Even if people don't observe and notice the detail consciously, they feel the sum of all that. It helps make the game feel special. If I were to start a big studio, I'm going to more abstractly sit back and creative-direct three or four games that I don't have that level of detail of influence on, I could do that, but they wouldn't come out the same.
So for this game at least, I want to make sure it has this detailed eye. For this next game, probably. However, it takes a long time to make these games. Probably three years again. If I only can make a game every three or four years, I'm 39 almost, so how many more games can I make before I'm dead? Not that many, suddenly.

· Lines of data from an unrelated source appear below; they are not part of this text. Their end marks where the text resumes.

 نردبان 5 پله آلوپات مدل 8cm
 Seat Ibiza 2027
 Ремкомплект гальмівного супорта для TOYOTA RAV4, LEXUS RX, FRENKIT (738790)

Eurogamer: You mention The Witness is roughly 10 hours long. Call of Duty is six or something.
Jonathan Blow: I don't know for sure how long it is, but it's in that neighbourhood. Who knows? But I have this long list of games I want to make. Every time I get an idea I type it into a file and there are 80 things on that list right now. I don't think I can make 80 games in this lifetime. They would have to come out pretty fast. Obviously I can only make some portion of those and I'm going to hopefully have new ideas that are even better as I get more experienced as a designer. But I do want to make some of those.
Right now what I'm doing are very much like art games. That's why I feel they want that personal touch. I might try and do this thing after this game is done where I maybe do two games at once – and they still have a lot of personal attention – but they're not quite art games in the same way. They're more, here's a game that represents some kind of gameplay I just want to get out in the world because I feel like it's good to make. It has a personal touch but it's not exactly the same kind of art game.
Jonathan Blow is the creator of Braid. His next game, The Witness, will launch Christmas 2011 at the earliest.